Per-Tenant Configuration

Each tenant can have its context generation inputs toggled on or off independently. This is stored in Tenant.contextConfig (a Json? field, schema: TenantContextConfig) and controlled from the Context Settings tab in the manage portal tenant detail page.

Input	Field	Default	When to disable
Live website crawl	`enableWebCrawl`	`true`	Pre-launch tenants, no public site, or JS-heavy sites that block crawlers
Competitor research	`enableCompetitorResearch`	`true`	Niche markets with no trackable competitors, or client request
Brand voice section	`enableBrandVoiceSection`	`true`	Tenant has not yet completed brand voice setup
Key pages section	`enableKeyPagesSection`	`true`	Early-stage clients with no published content

How it works in the pipeline:

contextConfig is loaded from the DB at job start (parallel with agentConfig), parsed via resolveContextConfig() which fills in true defaults for any missing keys.
enableWebCrawl = false → client-researcher prompt is modified to say “Do NOT crawl the website; use only the knowledge base.”
enableCompetitorResearch = false → competitor-researcher is skipped entirely; a placeholder string is passed as competitorResearchOutput directly to context-file-writer.
enableBrandVoiceSection = false → brand voice block is not appended after generation completes.
enableKeyPagesSection = false → key pages block is not appended after generation completes.

All defaults are true — a tenant with no contextConfig row behaves identically to a tenant with all flags explicitly set to true.

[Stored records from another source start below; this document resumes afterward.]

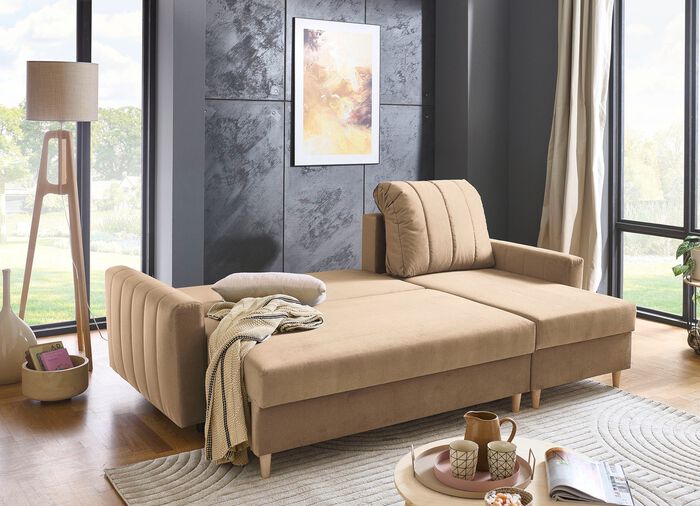 Gestoffeerde hoek met bedfunctie en bedkast BEIGE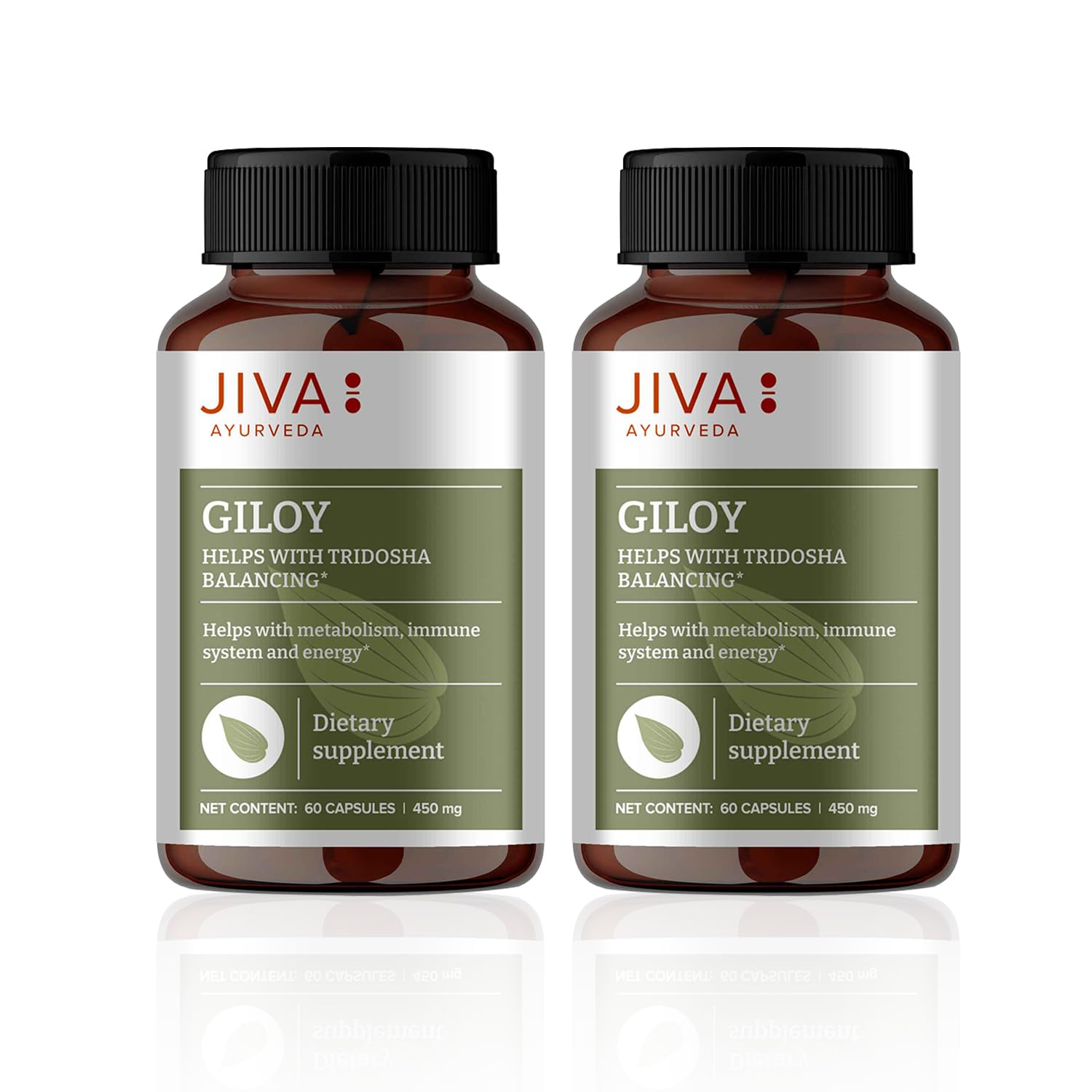 

Jiva Giloy Herbal Capsules 60 Count Pack of 2 | Natural Immunity Booster & Anti-Aging Supplement for Daily Wellness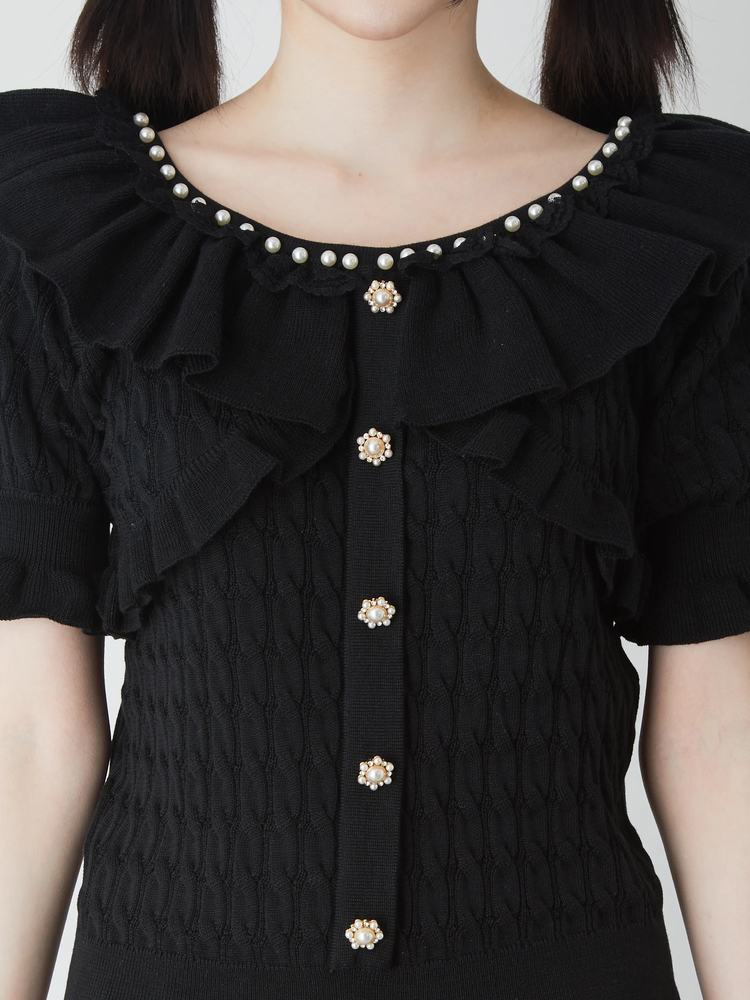 アンクルージュ カットソー トップス ブラック 半袖 黒 半袖カットソー ゴシックショートTOPS - Ank Rouge(アンクルージュ)のTシャツ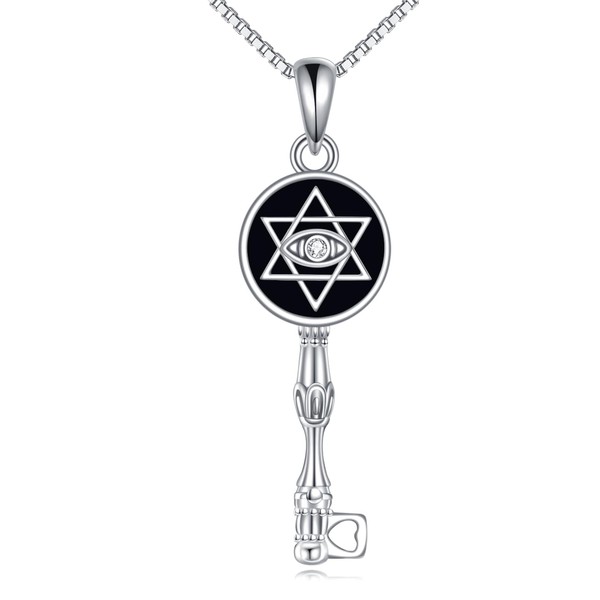 VONALA Hecate/Star of David/Triple Moon Goddess Necklace Sterling Silver Wheel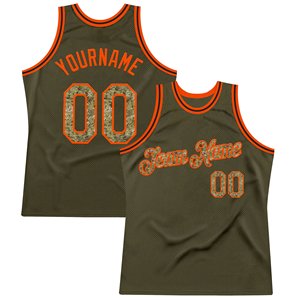 Camiseta de Baloncesto Sublimada Personalizada, Unisex, Transpirable, con Nombre y Número del Equipo, Diseño Camuflaje Naranja - Product Image 1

Known Issues & Improvements (April 2026)

The following bugs were identified and fixed in April 2026:

1. `revisionNotes` silently dropped

Problem: SetupJobData has a revisionNotes field populated when a user requests a revision, but none of the three agent prompts included it. The agents had no idea what the user wanted changed.

Fix: revisionNotes is now injected into all three prompts under a REVISION INSTRUCTIONS: block when present. All three agents receive the revision focus so research and synthesis can be directed accordingly.

2. `plan` not passed to client-researcher or competitor-researcher

Problem: plan was in SetupJobData and passed to context-file-writer, but not to the first two agents. Both agents were generating generic research with no awareness of the tenant’s plan tier.

Fix: plan is now included in all three agent prompts. This allows client-researcher to calibrate research depth (e.g. Agency-tier needs channel-by-channel breakdown; Free-tier needs basic profile) and competitor-researcher to prioritise accordingly.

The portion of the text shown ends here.